- **Work required**
Copy the records below in full, keeping each word as it is but omitting the pictures.
[Material provided — start]
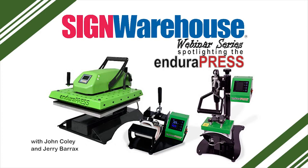Welcome along as we kick off the Sign Warehouse webinar that I've been looking forward to more than any other, and I'll tell you why in just a moment. First, introductions: I'm John Coley, Video Coordinator at Sign Warehouse, and with me as always is Sign Warehouse's Product Manager, Jerry Barracks.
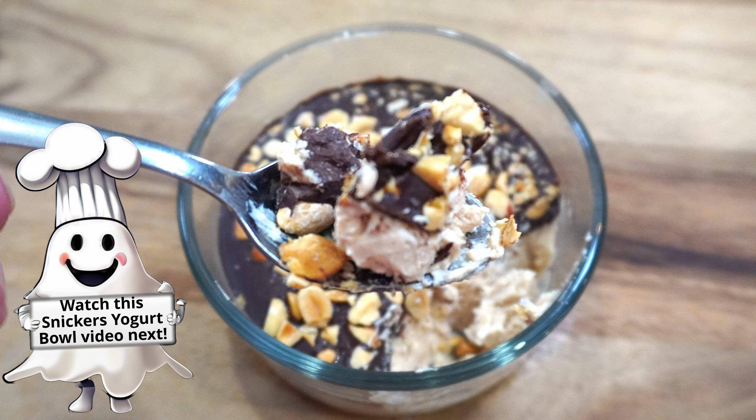And there you have it — three delicious and refreshing salads that are perfect for any meal: cheeseburger salad, sub-sandwich salad, and watermelon salad. Before you go, make sure to check out our Snickers-flavored frozen yogurt bowl. It's a creamy and delicious treat with all the flavors of your favorite candy bar, perfect for a cool and indulgent snack. Give these recipes a try and let us know what you think in the comments. Don't forget to like, subscribe, and hit the bell icon for more recipes that are as easy as 1, 2, 3.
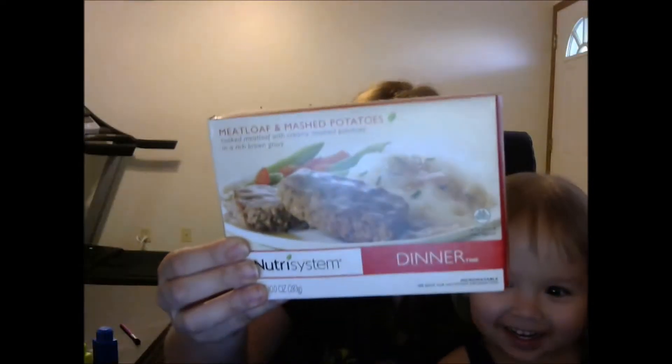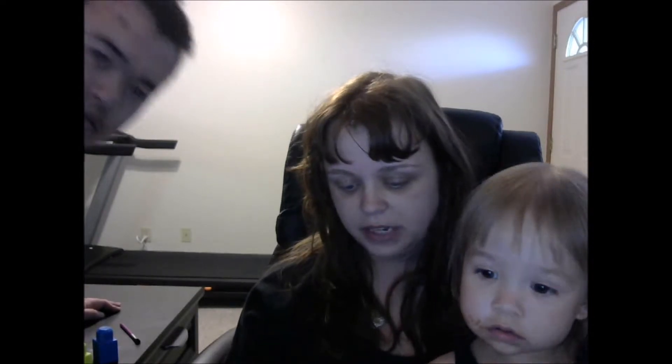So I'm going to give this a 4.5. Next we're going to have meatloaf and mashed potatoes. This is a dry food item for dinner. It says cooked meatloaf with creamy mashed potatoes and a rich brown gravy. I hope I like it because I don't have any dry food dinner items that I really like much, so it'd be nice to have a good variety.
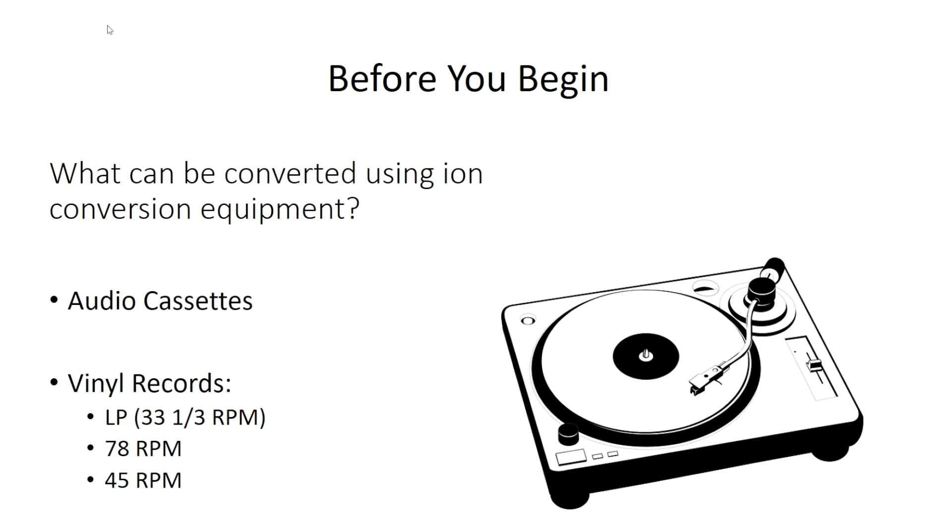Before you begin, what can be converted using ION conversion equipment? Audio cassettes and vinyl records, including LPs, 78 RPM and 45 RPM records.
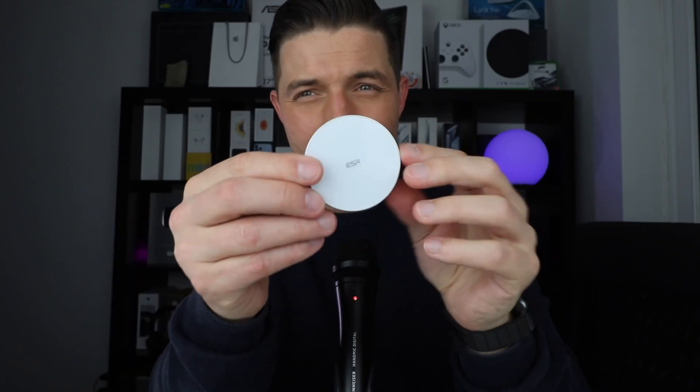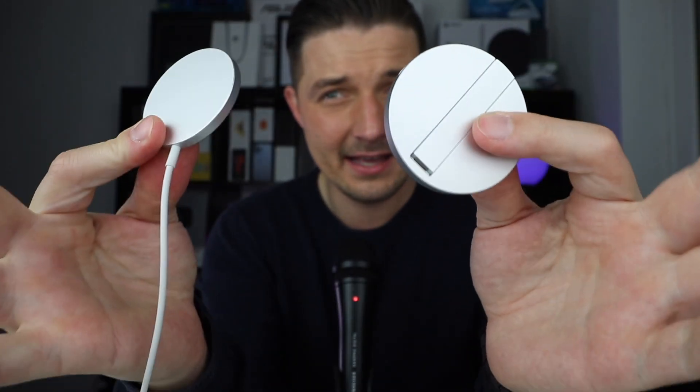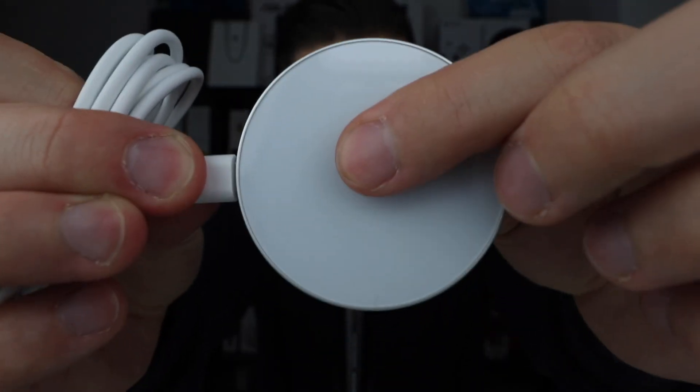I'm gonna open it for you right now. When you open the box, this is what you get: a small pamphlet, a USB-C to USB-C cable, and what I call the puck — because this is basically Apple's MagSafe puck but without the wire. There's a USB-C connector at the end where you plug in the USB-C cable, and you've got your MagSafe charger with replaceable cables.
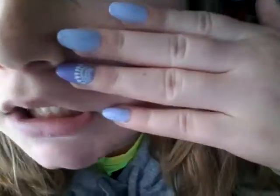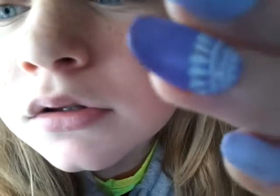Hey guys, it is Nevaehia. Yes, this is my channel. This is what my face looks like. I don't even know, but I got my nails done today. Make sure to hit that like button. Bye guys, mwah.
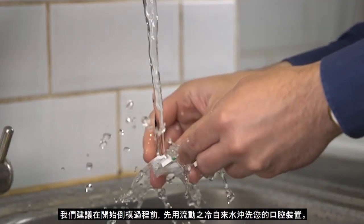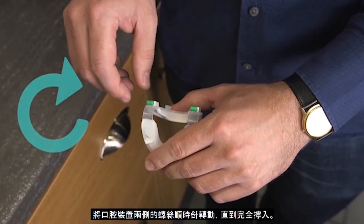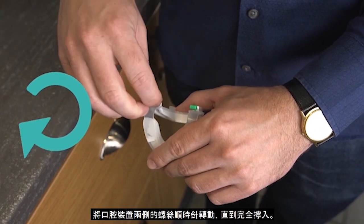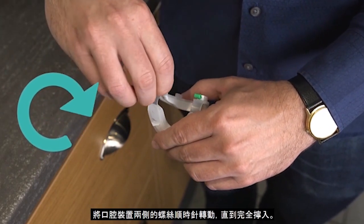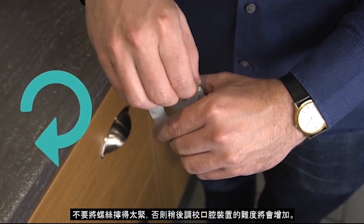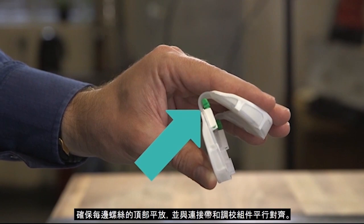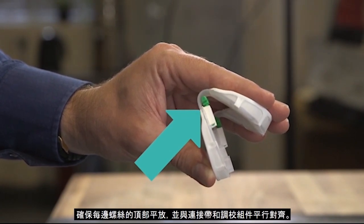We recommend running your Oral Device under cold water before starting the moulding process. Turn the screws on either side of the Oral Device clockwise until they are fully screwed in. It's important not to screw them in too tightly or you will struggle to adjust your Oral Device later on. Make sure the screws lie flat in line with the strap and the adjustment block, like this.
[Material provided — finish]
- **Answer to this task**
Welcome along as we kick off the Sign Warehouse webinar that I've been looking forward to more than any other, and I'll tell you why in just a moment. First, introductions: I'm John Coley, Video Coordinator at Sign Warehouse, and with me as always is Sign Warehouse's Product Manager, Jerry Barracks.
And there you have it — three delicious and refreshing salads that are perfect for any meal: cheeseburger salad, sub-sandwich salad, and watermelon salad. Before you go, make sure to check out our Snickers-flavored frozen yogurt bowl. It's a creamy and delicious treat with all the flavors of your favorite candy bar, perfect for a cool and indulgent snack. Give these recipes a try and let us know what you think in the comments. Don't forget to like, subscribe, and hit the bell icon for more recipes that are as easy as 1, 2, 3.
So I'm going to give this a 4.5. Next we're going to have meatloaf and mashed potatoes. This is a dry food item for dinner. It says cooked meatloaf with creamy mashed potatoes and a rich brown gravy. I hope I like it because I don't have any dry food dinner items that I really like much, so it'd be nice to have a good variety.
Before you begin, what can be converted using ION conversion equipment? Audio cassettes and vinyl records, including LPs, 78 RPM and 45 RPM records.
I'm gonna open it for you right now. When you open the box, this is what you get: a small pamphlet, a USB-C to USB-C cable, and what I call the puck — because this is basically Apple's MagSafe puck but without the wire. There's a USB-C connector at the end where you plug in the USB-C cable, and you've got your MagSafe charger with replaceable cables.
Hey guys, it is Nevaehia. Yes, this is my channel. This is what my face looks like. I don't even know, but I got my nails done today. Make sure to hit that like button. Bye guys, mwah.
We recommend running your Oral Device under cold water before starting the moulding process. Turn the screws on either side of the Oral Device clockwise until they are fully screwed in. It's important not to screw them in too tightly or you will struggle to adjust your Oral Device later on. Make sure the screws lie flat in line with the strap and the adjustment block, like this.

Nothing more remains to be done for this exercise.